# [About this task]
Would you copy exactly the lines in the data below from the one that has "Taupe Black Cotton" through the one that has "Sbox SBOX WM-911 Ασύρματο Ποντίκι Κόκκινο", dropping any pictures?

# [Provided material]
------------------------------------------------------------
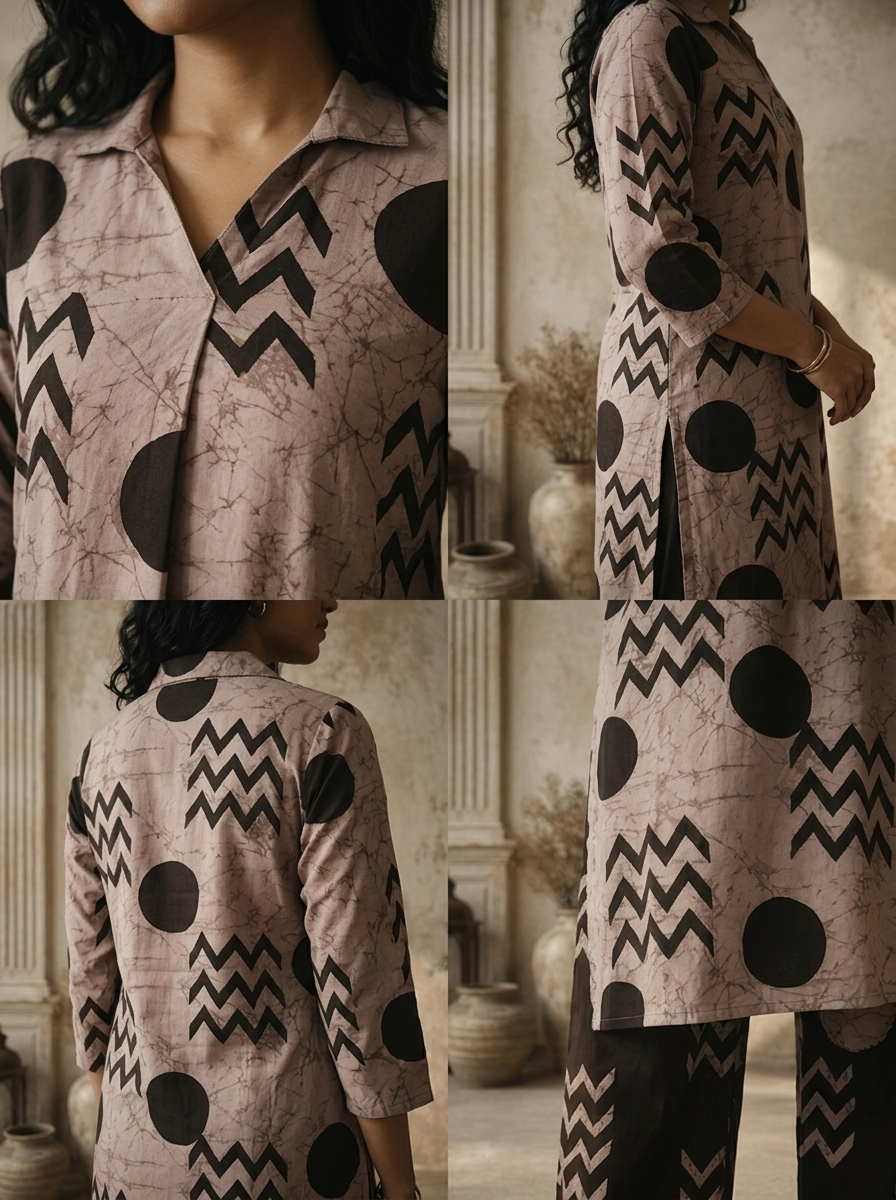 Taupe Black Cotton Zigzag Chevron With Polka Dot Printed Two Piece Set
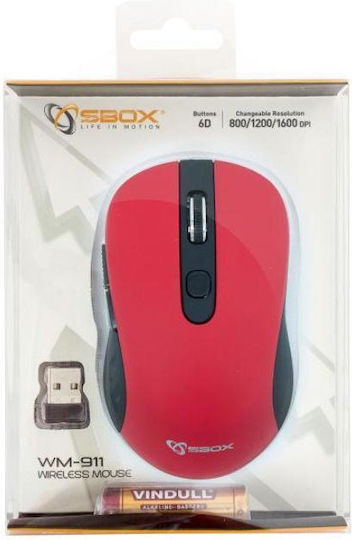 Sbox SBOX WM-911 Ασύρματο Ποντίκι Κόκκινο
------------------------------------------------------------
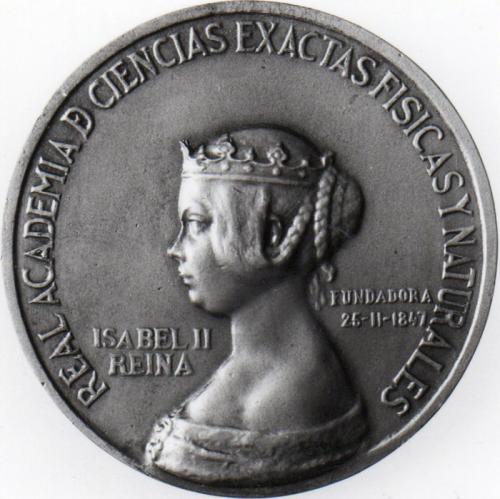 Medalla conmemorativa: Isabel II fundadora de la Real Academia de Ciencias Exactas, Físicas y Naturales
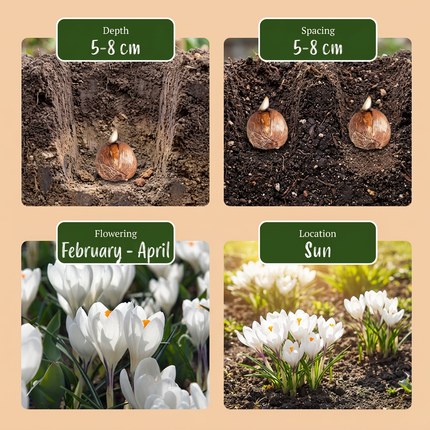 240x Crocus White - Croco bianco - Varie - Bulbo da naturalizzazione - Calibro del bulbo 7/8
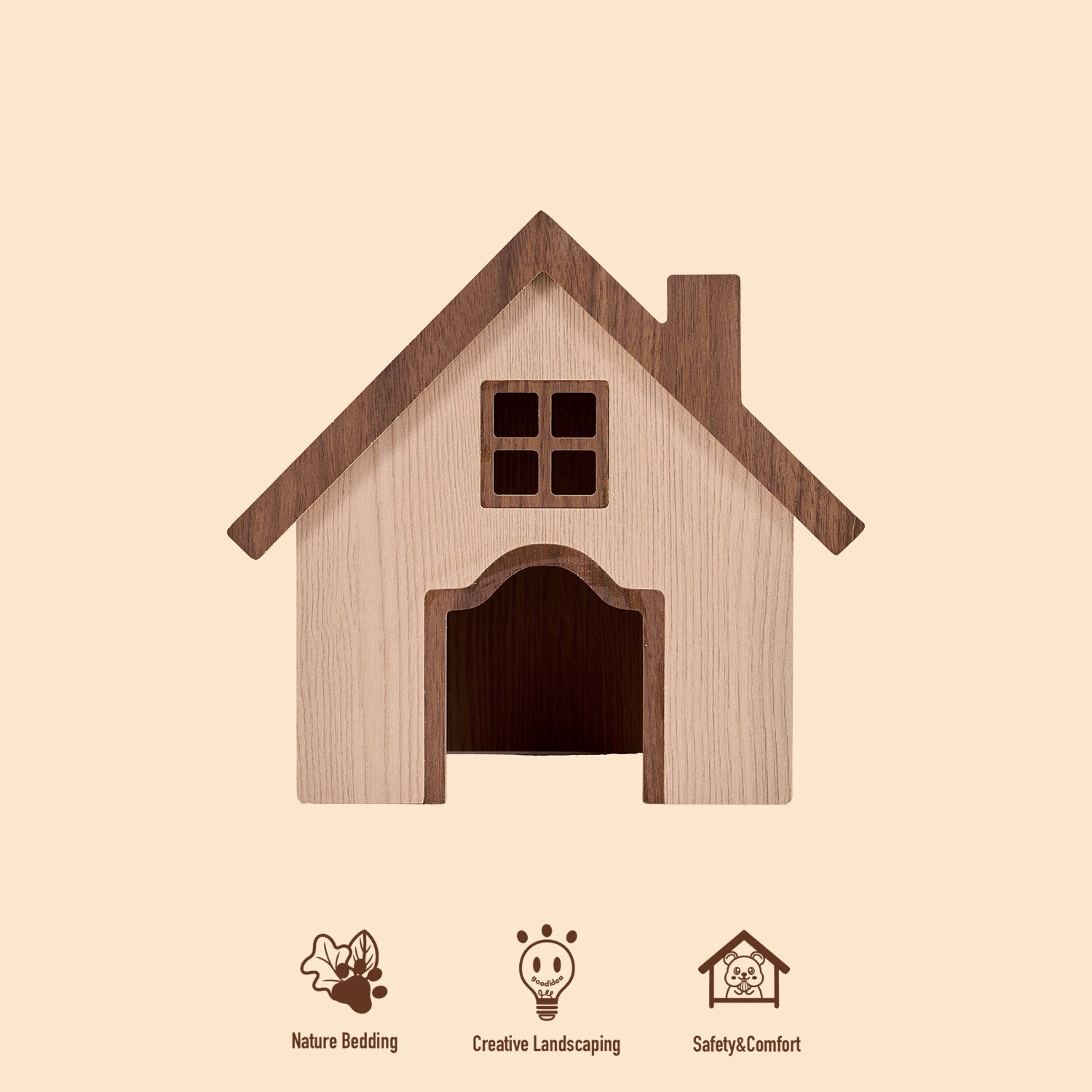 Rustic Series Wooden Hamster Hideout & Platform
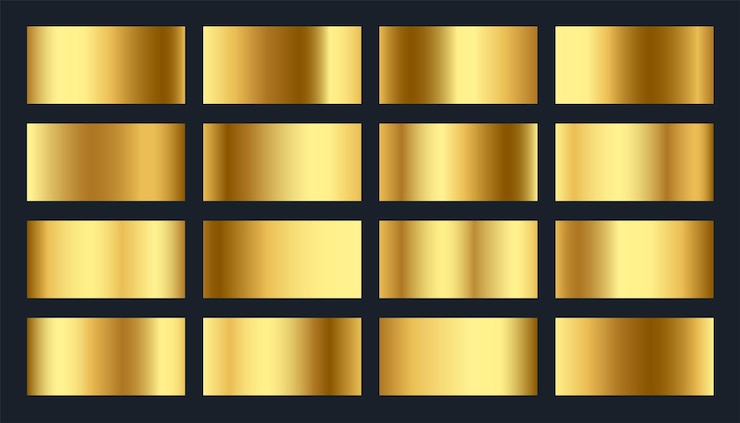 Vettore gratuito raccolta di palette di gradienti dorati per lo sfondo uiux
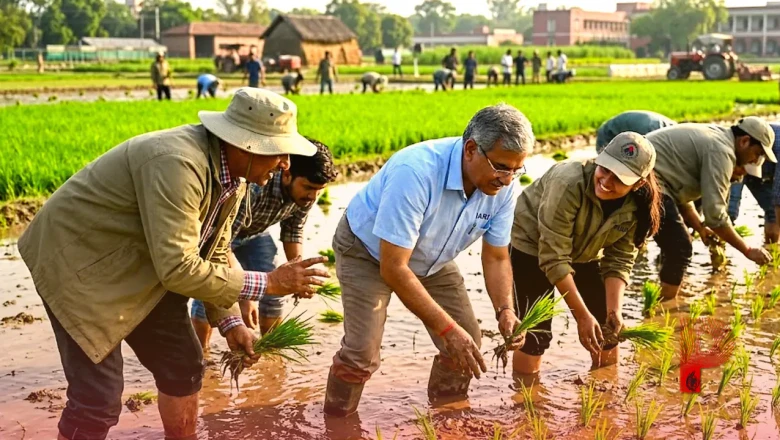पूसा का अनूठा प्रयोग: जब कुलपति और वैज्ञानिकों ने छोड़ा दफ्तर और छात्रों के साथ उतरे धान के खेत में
------------------------------------------------------------
# [Solution to this task]
 Taupe Black Cotton Zigzag Chevron With Polka Dot Printed Two Piece Set
 Sbox SBOX WM-911 Ασύρματο Ποντίκι Κόκκινο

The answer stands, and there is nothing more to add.